Adding the “Return to grid” as the same entity as “Grid consumption” actually has some logic as this is the CT is the same sensor and the integration probably ignores positive and negative values between the two respective instances.
Pre V.7 I had my Python polling data in something like 10 second intervals from various Envoy APIs. You are right that on many APIs one is on their own calculating energy integral but I was interested about the metrics for individual panels (and washing odd/even to see the difference). So I was polling fast, aligning data from various API sources by the time stamps and filling-in the blanks not provided by the “lifetime” energy API. I might eventually get back to that but I need to decipher how to share the access token since the two applications requesting tokens would be “pulling rug under each other” - disqualifying the other party acquired token.
I spent way too much time yesterday trying to figure out where in the filesystem does the
./enphase_energy/diagnostics.py
live. This module contains a set “TO_REDACT” containing “CONF_TOKEN”. Once I comment that line out I can harvest the token from the log and re-use in parallel with hass. Shouldn’t be that hard, right?
Another reason to possibly venture into a custom integration might be the granularity of reporting. Right now he binning is on a hourly basis. I remember someone loudly defending on one of the forums that kWh can be (obviously ) reported only in hourly increments (and it would then be easy to deduce that J (or Ws) work only when reported for each second
For now I just need to be more patient or resurrect my non hass implementation.
Thanks a lot for your help!
I disagree with that assumption. In my experience, I have a 12 month token for home assistant to talk to envoy and I generate a seperate token whenever I access https://envoy.local from my browser.
The only thing that matters for tokens is the expiry date. As long as you are using the token before the expiry date, you can generate hundreds of other tokens and it won’t invalidate your existing token.
I also disagree with this CT assumption.
I have found that the native HASS enphase integration calls on pyenphase to extract “total-consumption” and “production” from https://envoy.local/production.json . Total-consumption is calculated by the envoy which adds both CT clamps (CT1 production + CT2 net-consumption) = total-consumption. This is calculated every time that url is requested.

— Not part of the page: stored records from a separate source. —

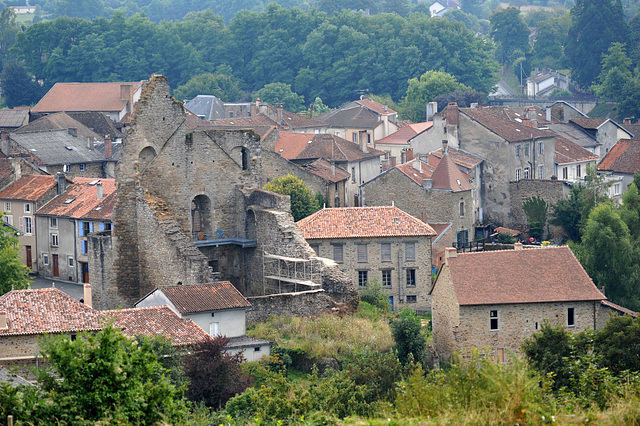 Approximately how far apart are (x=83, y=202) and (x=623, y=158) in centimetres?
3657

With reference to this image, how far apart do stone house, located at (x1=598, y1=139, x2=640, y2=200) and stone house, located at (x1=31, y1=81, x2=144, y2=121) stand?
1541 inches

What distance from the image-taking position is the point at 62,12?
17275cm

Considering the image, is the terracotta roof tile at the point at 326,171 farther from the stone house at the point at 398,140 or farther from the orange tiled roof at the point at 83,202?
the orange tiled roof at the point at 83,202

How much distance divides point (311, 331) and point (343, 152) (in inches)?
1351

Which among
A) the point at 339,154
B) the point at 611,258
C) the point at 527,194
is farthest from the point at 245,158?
the point at 339,154

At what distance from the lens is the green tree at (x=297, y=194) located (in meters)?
56.5

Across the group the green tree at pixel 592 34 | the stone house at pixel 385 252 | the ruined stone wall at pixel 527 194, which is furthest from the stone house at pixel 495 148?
the green tree at pixel 592 34

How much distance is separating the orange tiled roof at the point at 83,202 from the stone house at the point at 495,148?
22740mm

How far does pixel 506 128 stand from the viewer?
6662 cm

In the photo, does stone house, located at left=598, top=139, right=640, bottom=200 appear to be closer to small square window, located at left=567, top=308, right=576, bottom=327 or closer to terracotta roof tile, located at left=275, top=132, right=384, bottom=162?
terracotta roof tile, located at left=275, top=132, right=384, bottom=162

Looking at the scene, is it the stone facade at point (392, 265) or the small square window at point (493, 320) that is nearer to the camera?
the small square window at point (493, 320)

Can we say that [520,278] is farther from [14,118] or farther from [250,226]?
[14,118]

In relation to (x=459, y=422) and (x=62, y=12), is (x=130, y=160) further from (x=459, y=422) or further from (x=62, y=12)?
(x=62, y=12)

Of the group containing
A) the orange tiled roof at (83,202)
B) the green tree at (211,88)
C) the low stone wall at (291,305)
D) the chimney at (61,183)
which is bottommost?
the low stone wall at (291,305)
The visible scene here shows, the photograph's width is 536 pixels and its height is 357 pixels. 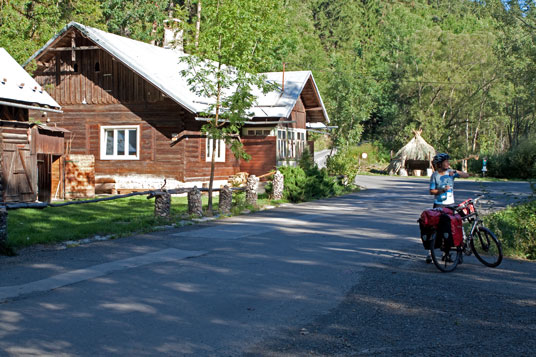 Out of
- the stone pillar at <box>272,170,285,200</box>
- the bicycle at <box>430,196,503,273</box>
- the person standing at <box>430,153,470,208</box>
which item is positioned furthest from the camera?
the stone pillar at <box>272,170,285,200</box>

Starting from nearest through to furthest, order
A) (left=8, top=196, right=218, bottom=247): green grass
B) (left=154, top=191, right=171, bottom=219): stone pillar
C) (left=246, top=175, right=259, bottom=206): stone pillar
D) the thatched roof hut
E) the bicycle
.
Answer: the bicycle
(left=8, top=196, right=218, bottom=247): green grass
(left=154, top=191, right=171, bottom=219): stone pillar
(left=246, top=175, right=259, bottom=206): stone pillar
the thatched roof hut

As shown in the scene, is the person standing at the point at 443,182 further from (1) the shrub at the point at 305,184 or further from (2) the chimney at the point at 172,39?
(2) the chimney at the point at 172,39

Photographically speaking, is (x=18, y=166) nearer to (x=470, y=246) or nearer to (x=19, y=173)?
(x=19, y=173)

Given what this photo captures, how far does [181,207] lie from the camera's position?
2078cm

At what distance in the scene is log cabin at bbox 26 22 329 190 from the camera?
1087 inches

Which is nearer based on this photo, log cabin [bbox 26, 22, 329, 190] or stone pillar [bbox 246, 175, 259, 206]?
stone pillar [bbox 246, 175, 259, 206]

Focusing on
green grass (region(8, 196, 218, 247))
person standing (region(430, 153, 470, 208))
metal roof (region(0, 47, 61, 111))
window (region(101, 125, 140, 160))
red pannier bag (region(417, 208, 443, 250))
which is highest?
metal roof (region(0, 47, 61, 111))

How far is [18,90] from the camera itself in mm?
21250

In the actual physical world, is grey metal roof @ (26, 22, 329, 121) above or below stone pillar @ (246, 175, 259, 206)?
above

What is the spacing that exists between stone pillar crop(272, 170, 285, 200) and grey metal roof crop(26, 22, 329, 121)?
276 cm

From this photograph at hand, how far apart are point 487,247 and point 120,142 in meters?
21.2

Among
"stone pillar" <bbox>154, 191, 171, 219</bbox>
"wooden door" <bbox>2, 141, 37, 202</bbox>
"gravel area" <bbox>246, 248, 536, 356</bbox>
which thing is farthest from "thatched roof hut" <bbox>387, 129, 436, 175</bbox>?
"gravel area" <bbox>246, 248, 536, 356</bbox>

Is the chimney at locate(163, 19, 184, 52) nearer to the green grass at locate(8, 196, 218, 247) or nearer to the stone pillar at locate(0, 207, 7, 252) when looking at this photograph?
the green grass at locate(8, 196, 218, 247)

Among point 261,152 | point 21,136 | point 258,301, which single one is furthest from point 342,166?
point 258,301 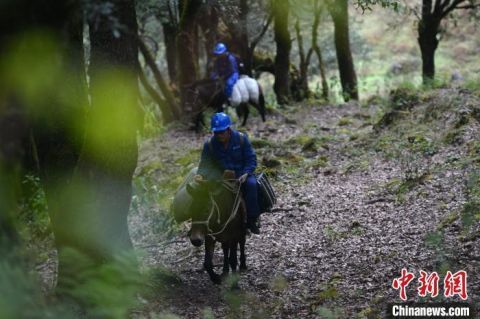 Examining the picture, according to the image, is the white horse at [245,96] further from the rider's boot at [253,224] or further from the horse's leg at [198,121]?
the rider's boot at [253,224]

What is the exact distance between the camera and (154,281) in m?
9.37

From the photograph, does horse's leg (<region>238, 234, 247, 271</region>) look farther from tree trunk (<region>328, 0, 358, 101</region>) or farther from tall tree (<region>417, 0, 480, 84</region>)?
tree trunk (<region>328, 0, 358, 101</region>)

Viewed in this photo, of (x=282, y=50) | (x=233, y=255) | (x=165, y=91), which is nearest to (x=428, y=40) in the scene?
(x=282, y=50)

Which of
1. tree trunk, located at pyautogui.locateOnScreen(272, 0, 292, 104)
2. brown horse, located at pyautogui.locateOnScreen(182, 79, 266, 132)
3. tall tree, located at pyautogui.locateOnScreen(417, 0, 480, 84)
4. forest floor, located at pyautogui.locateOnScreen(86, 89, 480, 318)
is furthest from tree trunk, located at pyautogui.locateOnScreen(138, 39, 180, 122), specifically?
tall tree, located at pyautogui.locateOnScreen(417, 0, 480, 84)

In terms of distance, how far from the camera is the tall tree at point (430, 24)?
22688 mm

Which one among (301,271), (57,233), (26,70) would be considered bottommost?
(301,271)

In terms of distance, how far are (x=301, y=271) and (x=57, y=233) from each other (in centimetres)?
331

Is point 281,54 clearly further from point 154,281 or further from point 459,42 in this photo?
point 459,42

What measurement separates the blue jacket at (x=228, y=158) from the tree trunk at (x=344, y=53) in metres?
15.0

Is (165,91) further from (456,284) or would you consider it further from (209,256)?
(456,284)

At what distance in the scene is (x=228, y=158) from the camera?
9.67 metres

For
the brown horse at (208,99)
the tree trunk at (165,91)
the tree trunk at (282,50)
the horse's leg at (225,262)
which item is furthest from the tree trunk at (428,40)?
the horse's leg at (225,262)

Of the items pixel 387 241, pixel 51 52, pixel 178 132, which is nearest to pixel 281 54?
pixel 178 132

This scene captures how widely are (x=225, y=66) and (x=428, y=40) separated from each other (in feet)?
25.7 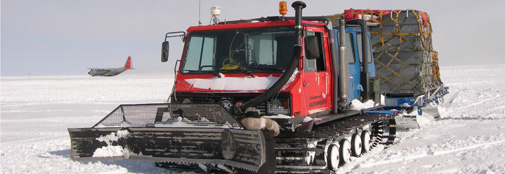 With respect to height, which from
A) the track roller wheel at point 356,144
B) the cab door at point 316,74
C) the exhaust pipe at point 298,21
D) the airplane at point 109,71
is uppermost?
the exhaust pipe at point 298,21

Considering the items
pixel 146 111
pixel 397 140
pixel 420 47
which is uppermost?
pixel 420 47

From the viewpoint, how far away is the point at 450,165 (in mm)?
7504

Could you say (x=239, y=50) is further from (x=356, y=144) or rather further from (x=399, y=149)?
(x=399, y=149)

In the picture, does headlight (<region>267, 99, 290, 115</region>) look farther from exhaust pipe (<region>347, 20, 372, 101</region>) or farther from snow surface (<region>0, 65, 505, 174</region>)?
exhaust pipe (<region>347, 20, 372, 101</region>)

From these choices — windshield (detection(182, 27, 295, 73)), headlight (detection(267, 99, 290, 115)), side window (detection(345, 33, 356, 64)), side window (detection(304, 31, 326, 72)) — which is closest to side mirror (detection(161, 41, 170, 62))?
windshield (detection(182, 27, 295, 73))

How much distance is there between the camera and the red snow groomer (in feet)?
20.6

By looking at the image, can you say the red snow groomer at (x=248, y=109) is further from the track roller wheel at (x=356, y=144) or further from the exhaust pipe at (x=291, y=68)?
the track roller wheel at (x=356, y=144)

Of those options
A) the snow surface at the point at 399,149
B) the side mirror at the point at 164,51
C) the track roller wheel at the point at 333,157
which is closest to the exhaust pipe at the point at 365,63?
the snow surface at the point at 399,149

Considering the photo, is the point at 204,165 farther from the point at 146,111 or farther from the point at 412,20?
the point at 412,20

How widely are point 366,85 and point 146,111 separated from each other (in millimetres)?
4312

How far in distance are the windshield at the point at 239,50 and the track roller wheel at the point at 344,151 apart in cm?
183

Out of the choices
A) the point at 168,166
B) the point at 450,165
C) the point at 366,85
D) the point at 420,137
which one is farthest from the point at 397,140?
the point at 168,166

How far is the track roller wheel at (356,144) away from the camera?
8.59m

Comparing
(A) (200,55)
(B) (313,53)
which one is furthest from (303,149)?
(A) (200,55) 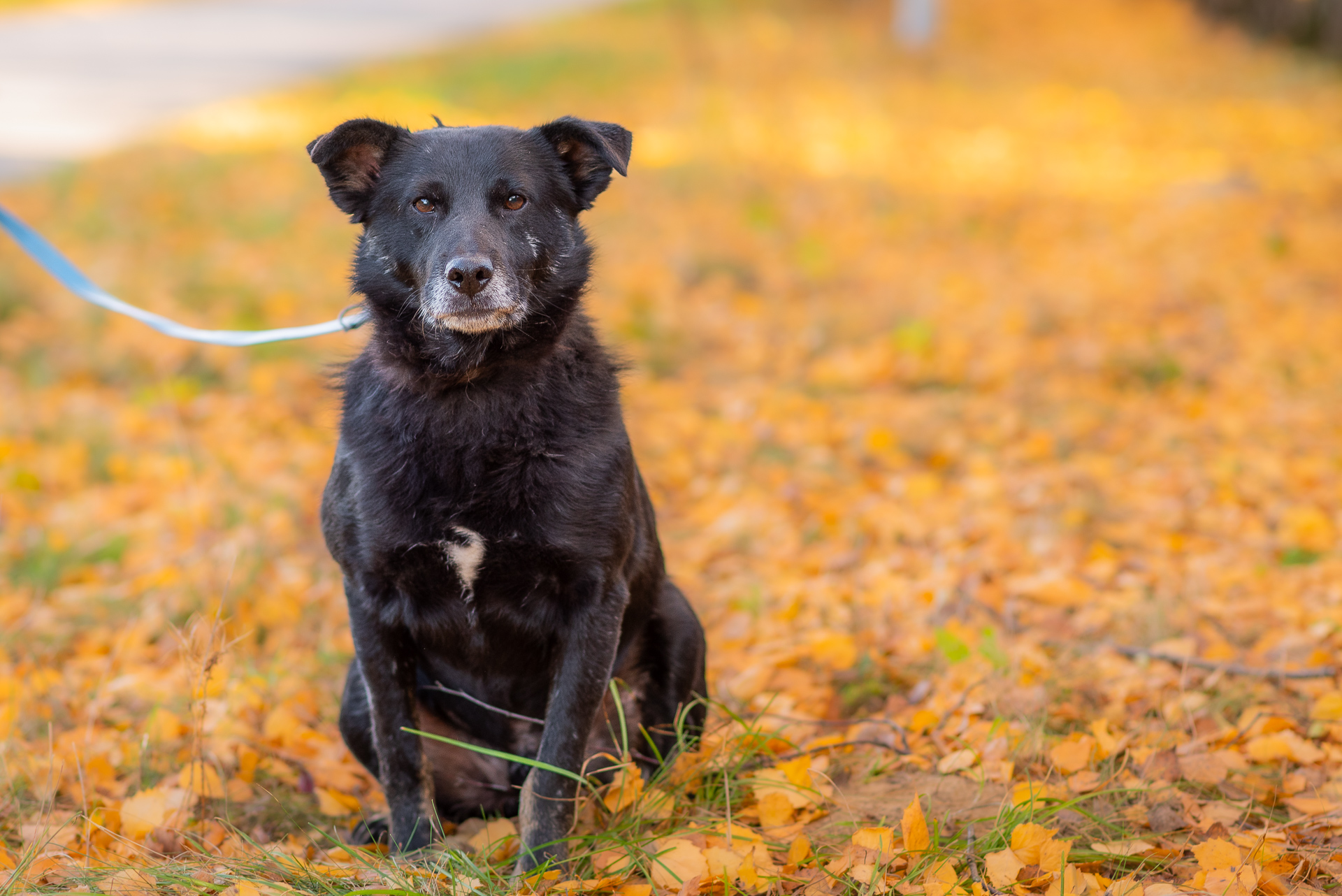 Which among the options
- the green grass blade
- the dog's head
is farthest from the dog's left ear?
the green grass blade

Total-consumption is actually what your house consumed. It includes both what your house used from the grid as well as what your house used from the solar production. For this reason, I disagree with using it in energy dashboard without using calculations to separate what was used from the grid and what was used from your panels.
If you want actual figures direct from the CT clamps, you need to use https://envoy.local/ivp/meters/readings as a data source and you still need need to perform calculations in home assistant. The data source you might incorrectly assume that you are using is net-consumption which is direct from the ct clamp. I can assure you that if you are using the native HASS integration, you will not be getting net-consumption.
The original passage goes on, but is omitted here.